As so many reviews have focused on the bugs the game has, I will try to focus my review on the gameplay itself, as the bugs will eventually be resolved through patches.
World Adventures is an attempt to take the Sims series in a new direction. It adds a puzzle element to the gameplay. Sims go abroad and whilst there can go on 'adventures' which include collecting objects, visiting places, befriending locals and perhaps most significantly exploring tombs. The tombs are a series of rooms filled with hidden doors, rock falls, traps, secret levers and treasure. The puzzles you need to solve in order to explore the tombs are generally quite simple- pushing statues onto pressure panels, 'inspecting' suspicious wall panels and so on. They may challenge younger children, but teens and adults will have no problems with even the more advanced tombs (which are longer, but not really any more difficult).
Though there seem to be a large number of tombs, they are not randomised, so once you have solved them once working through them with a different Sim family becomes a slightly dull exercise in just clicking in the right spots. This leads to limited replay value for this expansion pack, however with the possibility to download user-made tombs, this should keep the interest going.
In order to travel your Sim must pay a fairly large amount of money, and can only stay in the destination for a few days. Later trips can last longer once you have earned enough points for a higher level of visa, but this does lead to some frustration when your Sim gets sent home half way through a tomb. Many people have complained that travel is too expensive, however Sims come home with large amounts of treasure which can be sold and will easily cover the cost of the next trip. There is also a compulsory two-day wait between trips which prevents you working through the expansion pack too quickly.

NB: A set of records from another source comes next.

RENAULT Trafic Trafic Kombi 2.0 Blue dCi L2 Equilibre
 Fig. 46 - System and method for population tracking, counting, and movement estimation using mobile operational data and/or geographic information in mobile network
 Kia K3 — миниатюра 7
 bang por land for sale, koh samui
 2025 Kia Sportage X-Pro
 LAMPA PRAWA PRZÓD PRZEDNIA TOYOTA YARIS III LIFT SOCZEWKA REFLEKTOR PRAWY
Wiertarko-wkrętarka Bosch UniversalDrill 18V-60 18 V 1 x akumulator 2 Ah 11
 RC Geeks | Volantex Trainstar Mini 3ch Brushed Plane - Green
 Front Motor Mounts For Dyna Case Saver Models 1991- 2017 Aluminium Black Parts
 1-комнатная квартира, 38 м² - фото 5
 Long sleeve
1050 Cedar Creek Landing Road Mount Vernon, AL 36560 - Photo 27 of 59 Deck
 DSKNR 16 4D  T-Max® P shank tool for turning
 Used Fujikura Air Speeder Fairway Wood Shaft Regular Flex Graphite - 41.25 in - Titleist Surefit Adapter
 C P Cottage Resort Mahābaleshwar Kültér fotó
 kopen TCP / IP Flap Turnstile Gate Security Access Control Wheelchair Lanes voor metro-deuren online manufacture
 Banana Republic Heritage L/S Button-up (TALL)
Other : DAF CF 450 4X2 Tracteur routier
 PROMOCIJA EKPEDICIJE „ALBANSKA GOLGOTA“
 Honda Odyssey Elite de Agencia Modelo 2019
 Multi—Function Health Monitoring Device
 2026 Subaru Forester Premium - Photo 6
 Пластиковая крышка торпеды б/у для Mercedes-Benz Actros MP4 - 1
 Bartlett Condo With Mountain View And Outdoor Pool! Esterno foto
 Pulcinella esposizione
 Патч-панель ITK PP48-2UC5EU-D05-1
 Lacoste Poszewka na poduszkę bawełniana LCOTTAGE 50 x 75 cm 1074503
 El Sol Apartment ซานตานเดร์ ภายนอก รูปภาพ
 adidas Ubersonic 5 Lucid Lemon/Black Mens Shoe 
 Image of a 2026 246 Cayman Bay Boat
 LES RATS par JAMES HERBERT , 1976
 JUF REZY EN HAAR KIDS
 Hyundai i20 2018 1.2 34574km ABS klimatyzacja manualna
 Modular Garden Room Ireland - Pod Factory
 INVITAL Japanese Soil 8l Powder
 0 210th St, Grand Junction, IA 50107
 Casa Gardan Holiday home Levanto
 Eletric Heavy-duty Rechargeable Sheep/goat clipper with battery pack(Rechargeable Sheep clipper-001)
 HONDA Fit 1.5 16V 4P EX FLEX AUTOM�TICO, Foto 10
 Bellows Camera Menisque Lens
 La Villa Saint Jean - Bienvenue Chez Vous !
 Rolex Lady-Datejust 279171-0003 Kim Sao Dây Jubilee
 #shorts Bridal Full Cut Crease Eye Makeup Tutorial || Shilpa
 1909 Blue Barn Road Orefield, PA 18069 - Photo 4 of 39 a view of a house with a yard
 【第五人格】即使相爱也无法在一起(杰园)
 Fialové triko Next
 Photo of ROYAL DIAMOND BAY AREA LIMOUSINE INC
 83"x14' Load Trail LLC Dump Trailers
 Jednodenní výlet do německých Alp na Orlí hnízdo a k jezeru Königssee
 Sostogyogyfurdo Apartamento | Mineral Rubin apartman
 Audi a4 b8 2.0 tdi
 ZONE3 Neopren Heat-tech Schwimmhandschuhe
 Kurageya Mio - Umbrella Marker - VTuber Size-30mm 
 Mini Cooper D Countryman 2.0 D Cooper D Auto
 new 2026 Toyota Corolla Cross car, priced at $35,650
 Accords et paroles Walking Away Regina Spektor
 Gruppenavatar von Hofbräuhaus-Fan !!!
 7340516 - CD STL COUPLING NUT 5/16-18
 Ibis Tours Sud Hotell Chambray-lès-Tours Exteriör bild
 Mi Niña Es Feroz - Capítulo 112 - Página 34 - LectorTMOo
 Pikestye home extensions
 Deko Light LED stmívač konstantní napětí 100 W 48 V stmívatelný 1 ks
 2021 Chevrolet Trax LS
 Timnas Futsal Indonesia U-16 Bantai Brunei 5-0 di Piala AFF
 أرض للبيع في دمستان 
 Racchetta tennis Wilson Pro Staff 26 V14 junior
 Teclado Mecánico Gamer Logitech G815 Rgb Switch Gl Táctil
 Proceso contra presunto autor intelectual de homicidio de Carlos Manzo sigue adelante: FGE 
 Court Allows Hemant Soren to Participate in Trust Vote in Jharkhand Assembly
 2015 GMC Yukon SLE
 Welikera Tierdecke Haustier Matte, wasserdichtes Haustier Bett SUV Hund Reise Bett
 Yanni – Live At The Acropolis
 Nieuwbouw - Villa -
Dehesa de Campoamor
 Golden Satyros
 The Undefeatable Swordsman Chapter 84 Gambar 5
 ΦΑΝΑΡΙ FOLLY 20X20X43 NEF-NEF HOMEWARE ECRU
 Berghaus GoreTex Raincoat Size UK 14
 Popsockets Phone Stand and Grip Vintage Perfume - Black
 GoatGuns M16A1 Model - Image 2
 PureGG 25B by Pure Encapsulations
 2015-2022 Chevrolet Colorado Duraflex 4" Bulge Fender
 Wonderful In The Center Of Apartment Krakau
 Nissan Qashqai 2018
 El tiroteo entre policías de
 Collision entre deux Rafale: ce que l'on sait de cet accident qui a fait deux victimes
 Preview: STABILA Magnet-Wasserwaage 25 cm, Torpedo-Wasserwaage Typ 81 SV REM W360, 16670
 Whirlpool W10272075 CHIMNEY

Sims do not age whilst on holiday, so Sims cannot live in the holiday worlds and babies, toddlers and visibly pregnant Sims cannot travel. Sims needs still have to be met, and you can purchase dried food and a tent to use inside tombs to avoid having to go all the way back to base camp in the middle of a level. Friends and relationships can be made, and if you wish your Sim can invite a 'foreign visitor' to stay at their house for a few days.
As you would expect from an expansion pack, the game also adds in some new wants and lifetime goals, a few new skills (such as martial arts) some extra personality traits and some new objects and building equipment.
All in all, not a bad little pack which adds a decent amount of content, but nothing so exciting that I would recommend it to someone who isn't already a Sims fan.